Fishes moving through turbulent flows or in formation are regularly exposed to vortices. Although animals living in fluid environments commonly capture energy from vortices, experimental data on the hydrodynamics and neural control of interactions between fish and vortices are lacking. We used quantitative flow visualization and electromyography to show that trout will adopt a novel mode of locomotion to slalom in between experimentally generated vortices by activating only their anterior axial muscles. Reduced muscle activity during vortex exploitation compared with the activity of fishes engaged in undulatory swimming suggests a decrease in the cost of locomotion and provides a mechanism to understand the patterns of fish distributions in schools and riverine environments.

Many fishes live in habitats in which they commonly encounter vortices that arise from fluid flow past stationary objects or from the propulsive movements of other animals. Energy extraction from environmental vortices has been consistently implicated as a hydrodynamic mechanism to increase the performance of swimming fishes (18). The preference of fishes to use these unsteady flows has been documented in the field (4, 9, 10) and laboratory (1113). However, the dynamic and transparent nature of flowing water has precluded quantitative visualization of interactions between fishes and vortices and, thus, an understanding of the underlying physical mechanisms involved. Furthermore, the effect of vortical flows on the degree and pattern of axial muscle activity in fishes remains entirely unknown.
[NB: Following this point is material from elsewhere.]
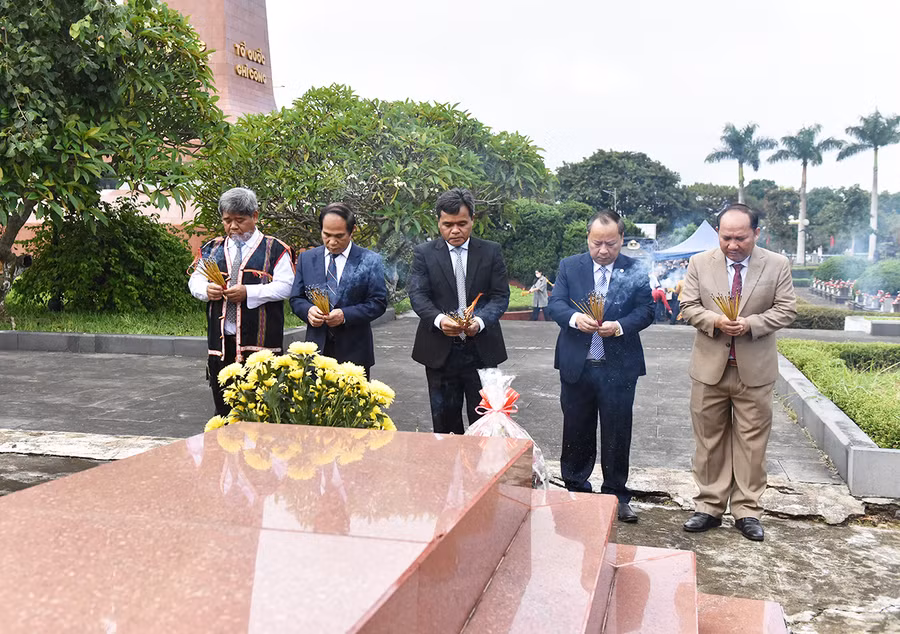 Lãnh đạo tỉnh dâng hương trước phần mộ Anh hùng Núp tại Nghĩa trang Liệt sĩ tỉnh. Ảnh: Đức Thụy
We generated periodic vortices of similar strength and size to each other by using a vertically mounted D-section cylinder (i.e., a cylinder bisected along its long axis) placed in water flowing at a known velocity (14) (Fig. 1). These vortices were shed from the D-section cylinder in a staggered array collectively known as a Kármán street (15). A Kármán street is an example of a drag wake (rotation of alternately shed vortices is toward each other upstream), which can form between the thrust wakes (rotation of alternately shed vortices is toward each other downstream) of two fish swimming side by side (5). Vortices generated by the D-section cylinder were similar in strength to those produced by other freely swimming fish (16, 17).

Fig. 1.

Experimental setup to simultaneously visualize columnar vortices shed from a D-section cylinder (using DPIV; camera 1) and the body kinematics of station-holding trout (camera 2).
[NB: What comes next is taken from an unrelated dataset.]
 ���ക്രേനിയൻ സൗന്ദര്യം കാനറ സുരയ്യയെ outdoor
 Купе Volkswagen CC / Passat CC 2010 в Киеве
Compared with swimming in free stream (uniform) flow, there are two hydrodynamic benefits of station holding behind a cylinder. Fish can simply swim against the current in the region of reduced flow, drafting, for example, as a bicyclist would behind another bicyclist, or they can generate lift to move against the flow by altering their body kinematics to synchronize with the shed vortices. Because energy can be captured from cylinder vortices (18), trout that synchronize their body kinematics to vortices appropriately may need to use very little energy and, thus, gain a hydrodynamic advantage beyond that of drafting in the reduced velocity alone.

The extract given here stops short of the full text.